Lionel Carmant, ministre délégué à la Santé et aux Services sociaux, discute avec Lucie Therriault, présidente du Collectif estrien 0-5 ans.

Le CIUSSS adopte Agir tôt

Le ministre délégué à la Santé et aux Services sociaux Lionel Carmant, qui était neurologue et chercheur à l’Hôpital Sainte-Justine de Montréal, a fait le saut en politique avec la mission de lancer le programme Agir tôt qui vise les enfants 0-5 ans. C’est maintenant chose faite et le ministre était à Sherbrooke jeudi pour annoncer que le CIUSSS de l’Estrie-CHUS recevra une enveloppe de 2 335 700 $ afin de développer le programme.

Au Québec, un enfant sur quatre présente un retard au moins une sphère de développement lors de son entrée à la maternelle.

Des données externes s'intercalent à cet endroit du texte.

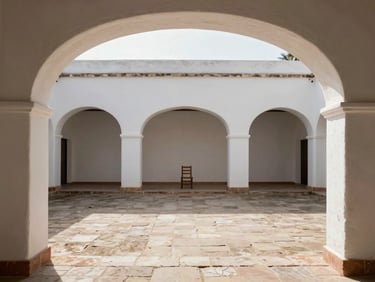 Wide environmental interior of a whitewashed courtyard seen through a low archway, late-morning light pooling on uneven flagstone, a single wooden chair in the middle distance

« Ma raison de faire le saut en politique, c’est que je voyais trop de jeunes enfants avoir des besoins, mais devoir attendre un an ou deux ans sur des listes d’attente. Des services que des gens comme moi pouvaient aller chercher au privé, mais pas les enfants des familles les plus vulnérables. Quand on ne peut pas agir suffisamment tôt, c’est comme ça qu’on crée ce qu’on appelle des « poches de pauvreté chronique » et c’est ça qu’il faut cesser. Il faut donner à tous les enfants une chance égale de développer leur plein potentiel », a soutenu le ministre délégué.

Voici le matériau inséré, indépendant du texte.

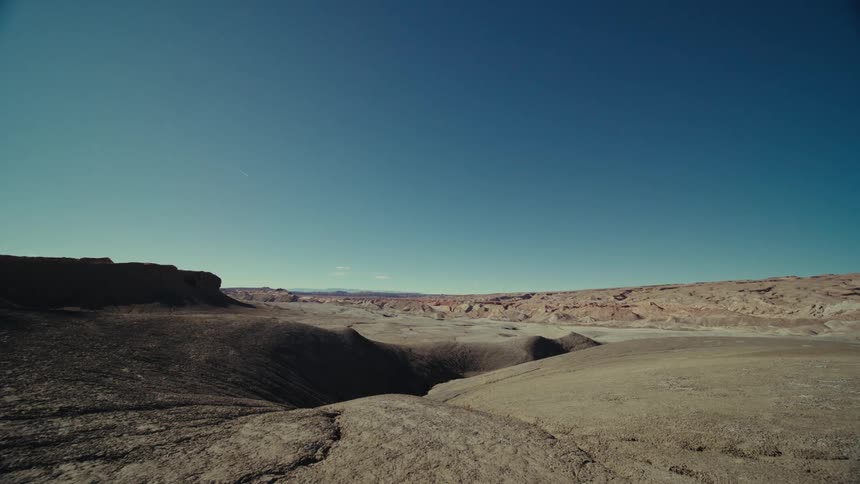 A stretch of rocky desert with a hole in the ground at the center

Le programme Agir tôt permettra de développer des ressources en dépistage et, principalement, de rehausser les équipes d’intervention auprès des jeunes enfants présentant un retard de développement, une déficience physique, une déficience intellectuelle ou un trouble du spectre de l’autisme dans la région de l’Estrie. Agir tôt vise à identifier le plus tôt possible les difficultés chez l’enfant, à évaluer son profil de développement et à l’orienter vers le bon service et, enfin, à lui offrir le soutien dont lui et sa famille ont besoin.

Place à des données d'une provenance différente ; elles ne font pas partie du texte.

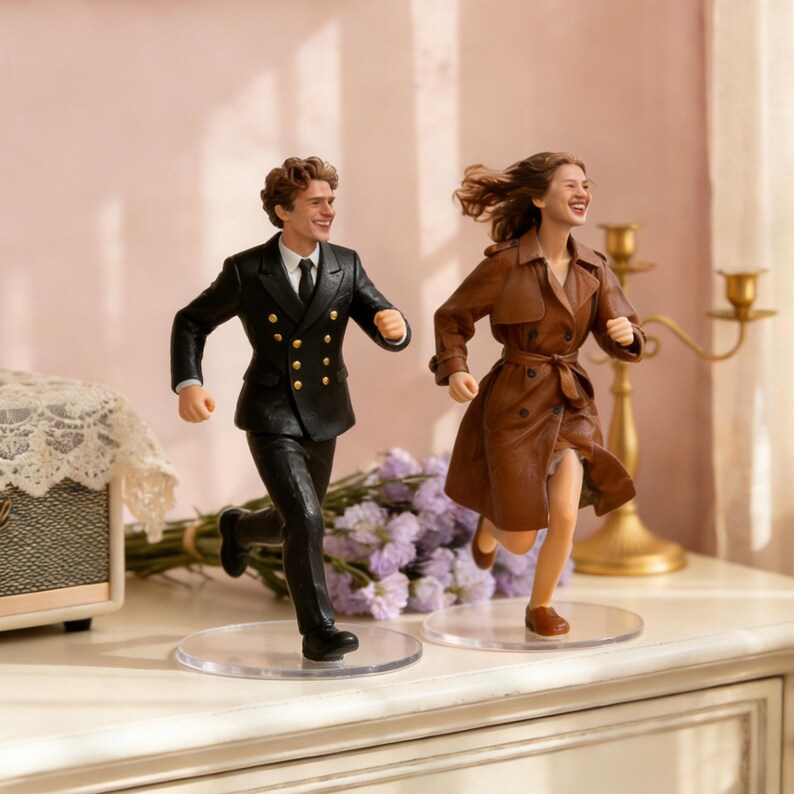 May include: Two figurines of a running couple. The man is wearing a black suit with gold buttons and a black tie. The woman is wearing a brown trench coat. Both figurines are on clear circular bases.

« Il faut comprendre que six mois dans la vie d’un enfant de deux ans, c’est le quart de sa vie, c’est énorme.  »
Stéphane Tremblay

« Dans le développement d’un enfant par exemple, à 18 mois, en tout cas en deçà de deux ans, il faut s’assurer que le langage de l’enfant est à niveau. Plus on agit tôt pour l’aider, plus c’est facile de rattraper le retard. Il faut comprendre que six mois dans la vie d’un enfant de deux ans, c’est le quart de sa vie, c’est énorme », explique le président-directeur général du CIUSSS de l’Estrie-CHUS, Stéphane Tremblay, qui est aussi pédiatre.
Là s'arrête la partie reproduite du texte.